Simplicity Itself
I made these soups some time last week, but it’s been difficult to figure out how to write about them. They’re both very, very pretty, but also very, very simple. And simple is boring, right? What is there to write about simplicity that hasn’t already been written?
Then I got into a conversation with my friend Allie, who was making plans to cook dinner for her boyfriend, for the first time ever. She had picked a Barefoot Contessa recipe for a pork rib roast, and she asked me to walk her through it. I suggested mashed potatoes to accompany the roast, and she wrote down detailed notes as I explained what to do. I had never realized how nuanced the recipe really is. We repeated the process when she picked carrots as her vegetable.
It’s weird to me that there are people who have never cooked a meal before, but I am sure that there are people who think it would be weird to never have sewn their own clothing or built their own houses. Allie told me that I should host my own cooking show, something for which I have neither the skill nor the patience, but her comment reminded me that the simple things actually can be worth the most attention.

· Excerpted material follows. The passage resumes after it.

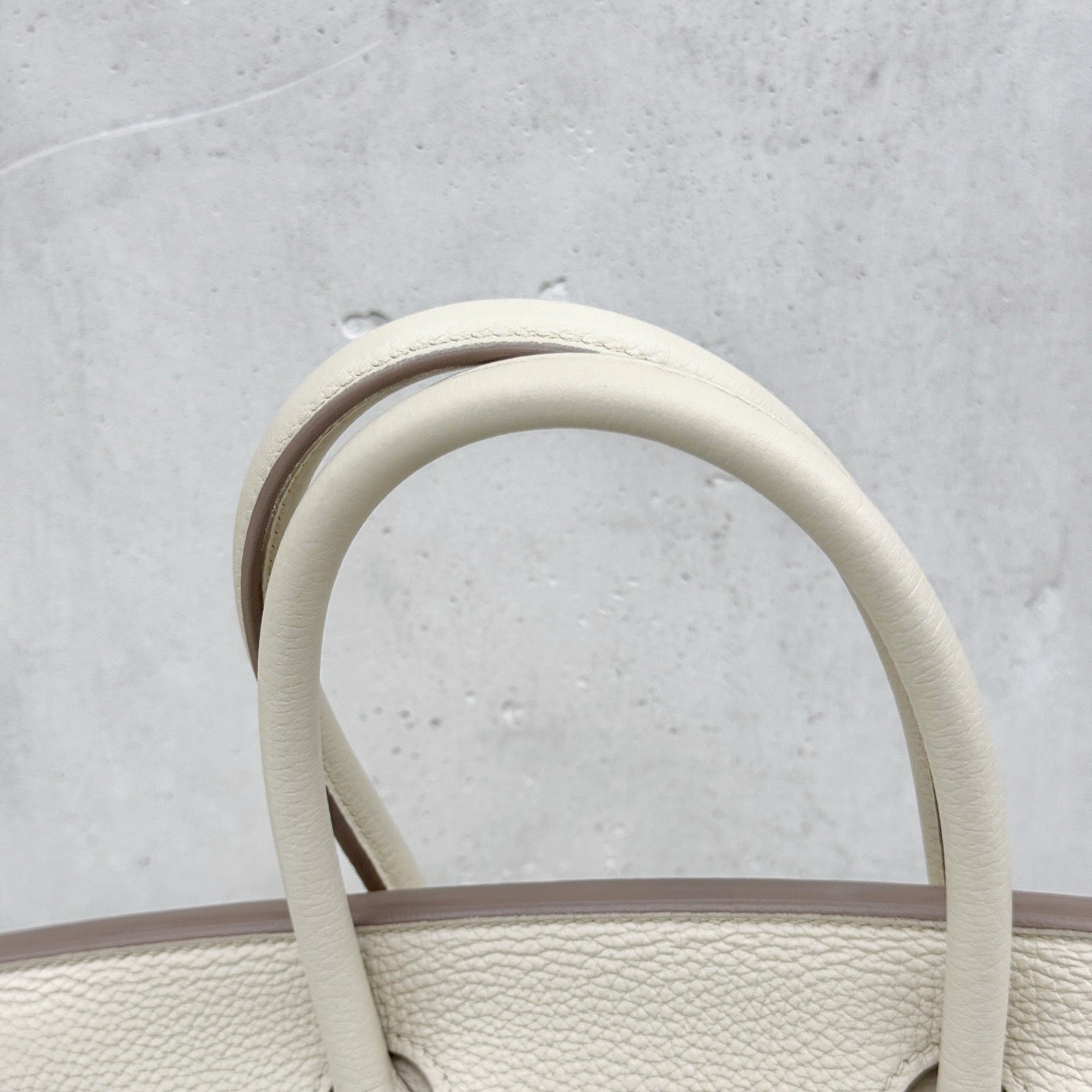 Pre-owned Certified Hermes Birkin 30 in Craie Togo Leather with Golden Hardware, 2020, w/ dust bag, lock and key, rain coat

Take this spinach zucchini soup, for example. Yes, it’s basically all the green stuff in my fridge soupified, but that’s part of its charm. This is a Horatio Alger story of soups. A couple zucchini loitering in the crisper drawer, the remains of a package of frozen — yes, frozen! — spinach, a knee-jerk twitch towards a jar of curry powder: it all adds up to something both rich and light.
Why does blending a soup makes it fancier? This is something I’ve always kind of taken for granted, but like the process of mashing potatoes, perhaps there are aspects I haven’t noticed. Why is it that a broth with chunks of zucchini and clumps of spinach just seems so pedestrian when compared to a silky, forest green purée that tastes neither of spinach nor zucchini, but something fresh and green and in between? I may have answered my own question.

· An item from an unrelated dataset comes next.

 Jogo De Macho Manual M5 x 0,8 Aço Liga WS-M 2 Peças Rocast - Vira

But as far as soup goes, there isn’t much simpler than tomato. This soup is basically fresh and canned tomatoes that have, again, been blended. I layered them over a base of toasted fennel seeds to give it some punch, but it ended up being a more subtle note that melded with the tomatoes into one flavor. Next time I’d take the seeds out after flavoring the oil with them, and also seed the tomatoes, but the chunkiness of the soup didn’t end up bothering me in the end. The green onions that I originally sprinkled on top to pretty it up, but they became a sharp punchline to the fennel seed setup.
Come lunchtime at work, I poured some hot soup into into a bowl, garnished it with some scallions, and dipped my toasted baguette slice into it. The plain Jane tomato soup was definitely more refined than something from a can, but it was still a refreshingly simple pleasure.